_PROVIDED MATERIAL_:
--- START ---

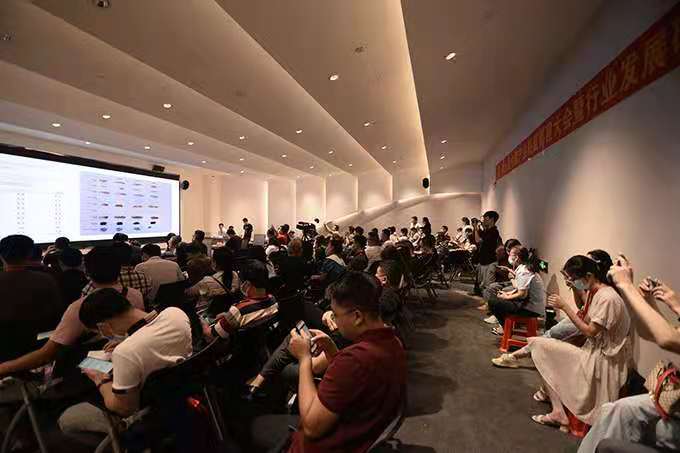 新时代、新材料、新产业，微水泥中国产业联盟筹建大会暨行业发展研讨会圆满结束(图4)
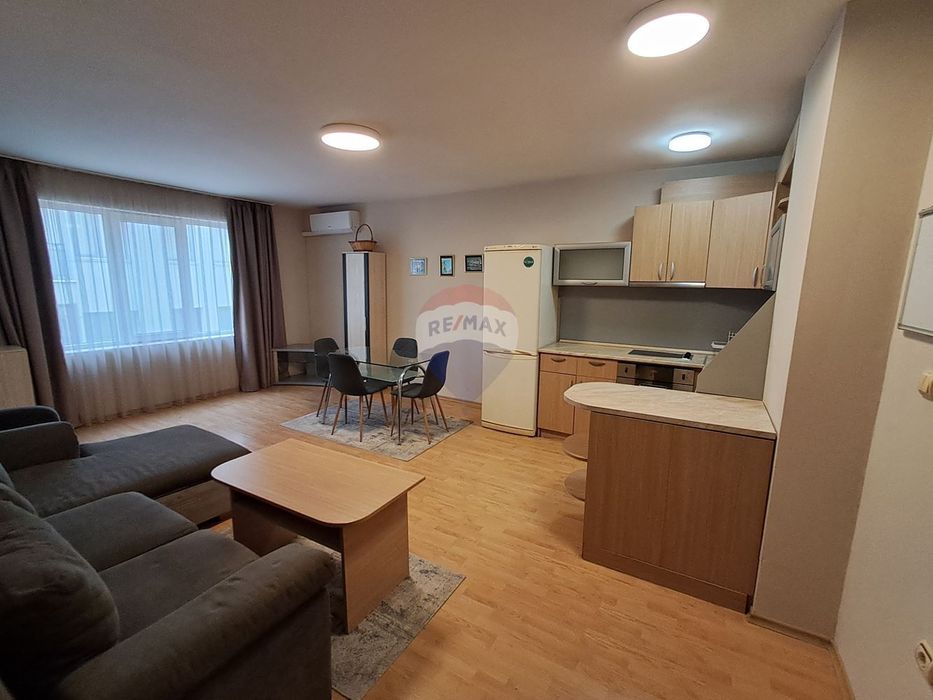 2-стаен в Варна-Чаталджа площ 82 цена 210000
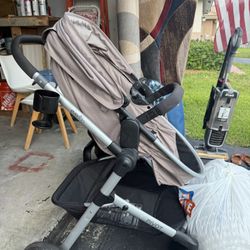 Stroller Evenflo Pivot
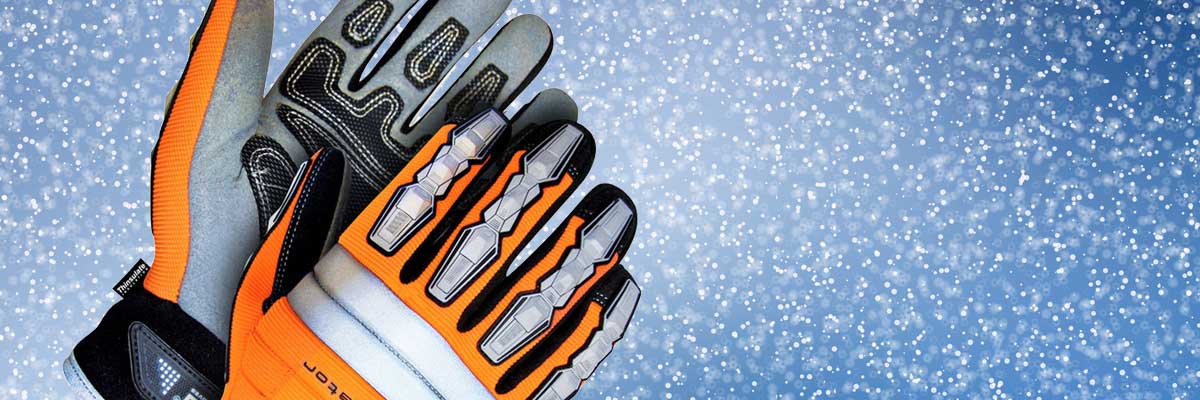 Selecting the best cold weather work glove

--- END ---

_EXERCISE GOAL_: Since the pictures are not part of the copy, transcribe only the remaining material, exactly.

_REPLY_:
 新时代、新材料、新产业，微水泥中国产业联盟筹建大会暨行业发展研讨会圆满结束(图4)
 2-стаен в Варна-Чаталджа площ 82 цена 210000
 Stroller Evenflo Pivot
 Selecting the best cold weather work glove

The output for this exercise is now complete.